Activity:
Word for word, transcribe the lines below and drop the pictures.

Information shown:
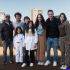 Alfonso Pineda Ulloa, con el elenco de una "Familia a la deriva"/2025. Cinta que llega a los cines el 22 de enero de 2026. Archivo DDCM.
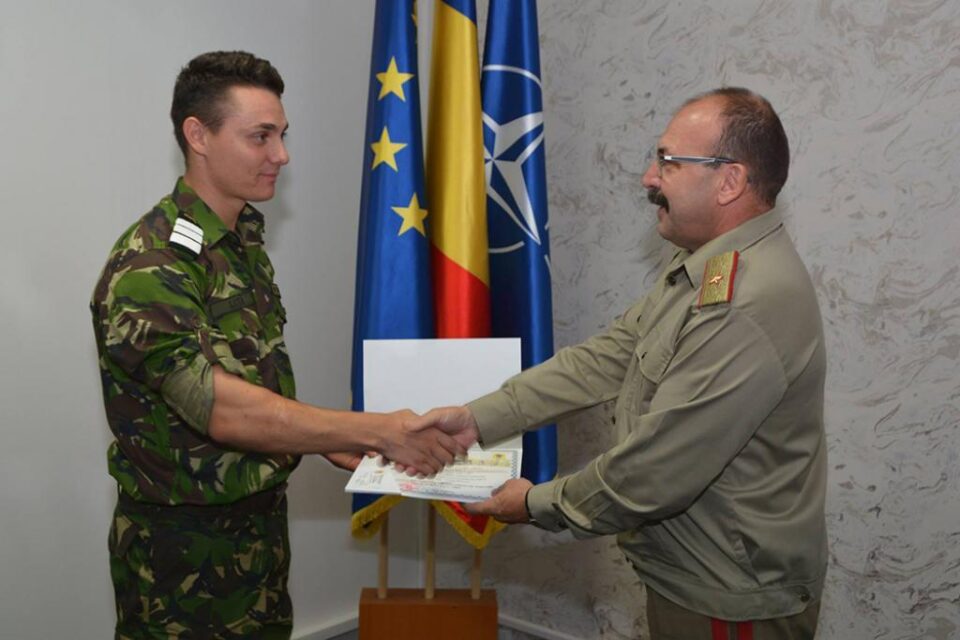 Alexandru a fost felicitat de rectorul Academiei Forțelor Terestre, gl. bg. prof. univ. dr. ing. Ghiță Bârsan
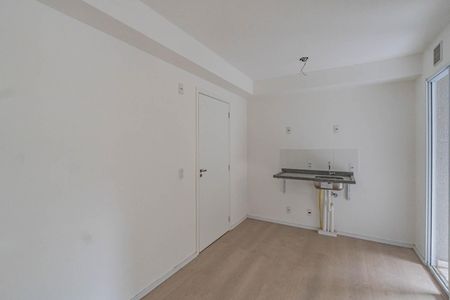 Sala/Cozinha de apartamento para alugar com 2 quartos, 30m² em Vila Moraes, São Paulo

Answer for the task:
 Alfonso Pineda Ulloa, con el elenco de una "Familia a la deriva"/2025. Cinta que llega a los cines el 22 de enero de 2026. Archivo DDCM.
 Alexandru a fost felicitat de rectorul Academiei Forțelor Terestre, gl. bg. prof. univ. dr. ing. Ghiță Bârsan
 Sala/Cozinha de apartamento para alugar com 2 quartos, 30m² em Vila Moraes, São Paulo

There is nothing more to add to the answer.